Editorial | The crackdown on Big Tech will ensure future healthy growth
- It is undeniable that the rapid growth of the Chinese digital economy has exposed regulatory loopholes and, as Xi Jinping warns, threatened the country’s economic and financial security and stability

The future of China’s economy is digital, but its enormous wealth and benefits must be spread out to everyone, not just a few big tech companies. That’s the message from President Xi Jinping, in a 3,000-Chinese character essay signed with his own name.
With an economy on course to become the world’s largest, big data, cloud computing and artificial intelligence will play a big role, wrote Xi. New developments will include 6G telecommunications. This blueprint as spelt out in the essay is in line with Xi’s speech on the digital economy last October and is explained further in more technical details in a master plan laid out by the State Council.
In 2020, China’s digital economy expanded by 9.7 per cent to 39.2 trillion yuan (US$6.2 trillion), equivalent to 38.6 per cent of China’s economic output.

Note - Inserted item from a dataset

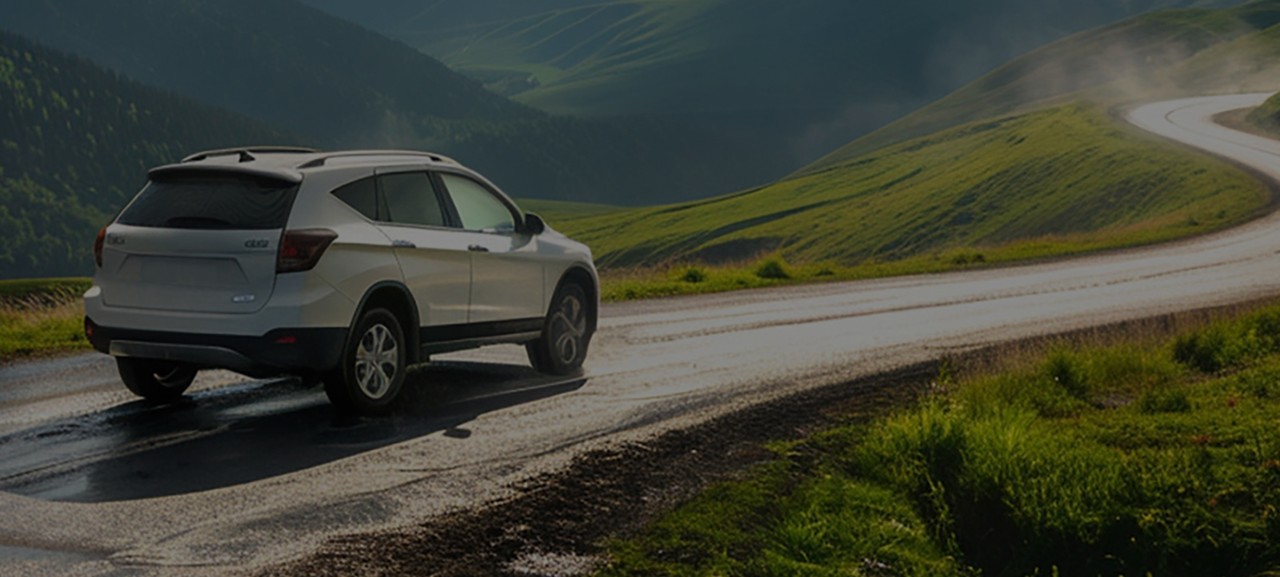 White-SUV-Driving-On-Winding-Road-Hero View from under a vehicle.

But beyond the purely technical, Xi helps put the crackdown on Big Tech within the past two years in perspective. The crackdown, which has wiped out US$1 trillion of value from their stocks, is often interpreted in the West as the communist state’s fear of losing control over the digital economy, including online banking. But that is too simplistic, a projection of Western business priorities and assumptions over Chinese ones.
Beijing has made it clear profit is not the only or the ultimate goal of business; “common prosperity” or spreading the wealth is. To this end, monopolistic practices and market dominance can no longer be tolerated. Many foreign critics have countered that China’s capitalist take-off in recent decades has also created one of the most unequal societies in the world.